Stream processing, data processing on its head, is all about processing a flow of events. A typical stream application consists of a number of producers that generate new events and a set of consumers that process these events. Events in the system can be any number of things, such as financial transactions, user activity on a website, or application metrics. Consumers can aggregate incoming data, send automatic alerts in real-time, or produce new streams of data that can be processed by other consumers.

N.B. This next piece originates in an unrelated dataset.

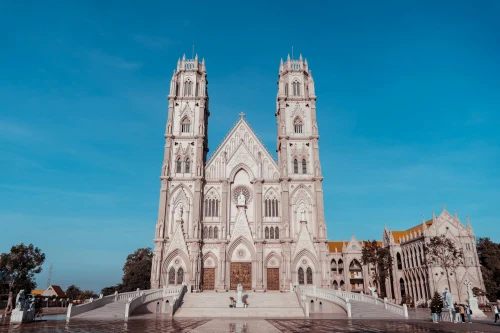 Stunning view of a Gothic-style church under a clear blue sky in Vietnam, showcasing intricate architectural details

![image.png](attachment:image.png)

This architecture has a number of advantages:
- **Low-latency** — a system can process new events and react to them in real-time
- **A natural fit for many applications** — stream processing system is a natural fit for applications that work with a never-ending stream of events
- **Uniform processing** — instead of waiting for data to accumulate before processing the next batch, stream processing system performs computation as soon as new data arrives


Unsurprisingly, stream processing was first adopted by financial companies that need to process new information, like trades or prices, in real-time, but is now used in many areas like fraud detection, online recommendations, monitoring, and many others.

This architecture, however, poses a question: how should producers and consumers be connected? Should a producer open a TCP session to every consumer and send events directly? While this may be an option, it presents a significant issue if a producer is writing data that a consumer can process. Also, if we have a significant number of consumer and producers, the web of connections can turn into an unruly mess.  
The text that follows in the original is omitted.